Einem Herrn zu dienen, wurde nicht als erniedrigend angesehen. Es war völlig normal, daß ein Page oder ein erwachsener Knappe dem Herrn beim Baden half, für seine Kleider sorgte, ihn bei Tisch bediente und dennoch dessen adligen Status teilte. Als Gegenleistung für diese unbezahlte Arbeit kümmerte sich der Herr um die Ausbildung der Adelskinder. Sie lernten zu reiten, zu kämpfen und zu jagen, was die drei Hauptbeschäftigungen adligen Lebens waren. Sie lernten auch Schach und Backgammon spielen, zu singen, zu tanzen, zu musizieren, zu komponieren und andere romantische Fertigkeiten. Der Burgkaplan oder ein benachbarter Abt kümmerten sich um die religiöse Erziehung der Knaben, die sie auch im Lesen und Schreiben weiterbildeten und denen sie möglicherweise darüber hinaus auch noch einen Teil der Grundschulausbildung zukommen ließen, die die nichtadligen Kinder absolvierten. Mit vierzehn oder fünfzehn, wenn sie zum Knappen ernannt wurden, intensivierte sich die Kampfschulung der Adelssöhne. Sie lernten, die schwingende Strohpuppe, die als Zielscheibe diente, mit der Lanze aufzuspießen, das Schwert zu handhaben und eine Menge anderer tödlicher Waffen zu beherrschen; sie lernten die ritterliche Heraldik kennen und die Gesetze des Zweikampfs. Als Knappe führten sie das Schlachtroß ihres Herrn und hielten es, wenn dieser zu Fuß kämpfte. Sie halfen dem Seneschall [Seniorschalk = Altknecht, Oberhofbeamter] bei seiner Arbeit, verwahrten die Schlüssel, führten vertrauliche Kurierdienste aus und beaufsichtigten das Geld und andere Wertgegenstände auf Reisen. Für Buchwissen blieb in diesem Programm wenig Zeit, obwohl ein junger Adliger je nach Neigung Bekanntschaft mit ein wenig Geometrie, Jurisprudenz, Rhetorik und in einigen Fällen auch Latein machen konnte.

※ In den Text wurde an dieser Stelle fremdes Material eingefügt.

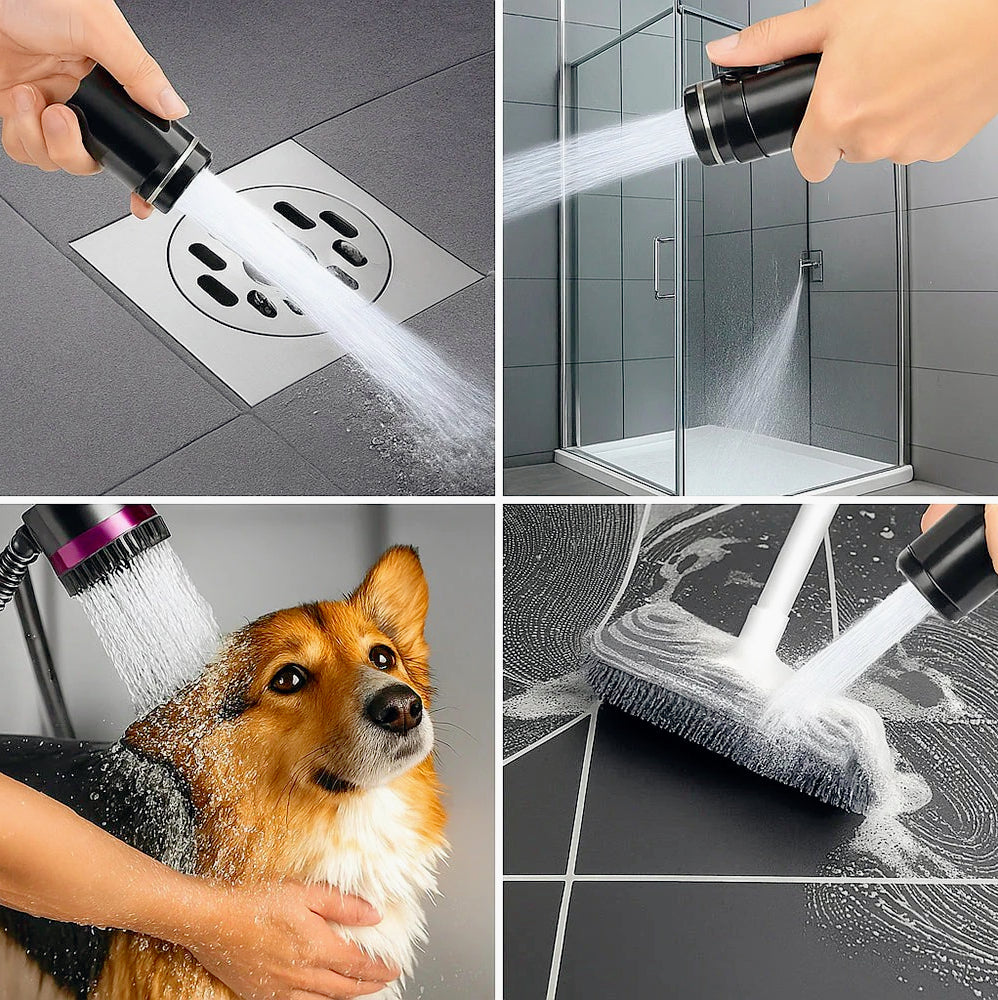 Soffione doccia 4 modalità di getto setole in silicone tasto ON/OFF - ambraled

Frauen von adligem Stand genossen gewöhnlich eine bessere Schulbildung als die Männer, denn obwohl die Mädchen nicht wie die Knaben im Alter von sieben Jahren das elterliche Haus verließen, wurde ihre Unterrichtung von der Kirche ermutigt, damit sie in Glaubensdingen vorbereitet waren, falls die Eltern sie – mit angemessener Mitgift – in ein Nonnenkloster schickten. Neben dem Lesen und Schreiben des Französischen und Lateinischen wurden sie in der Kunst des Musizierens, in der Astronomie und in den Grundbegriffen der Medizin und der Ersten Hilfe unterwiesen. (Spiegel, 59f).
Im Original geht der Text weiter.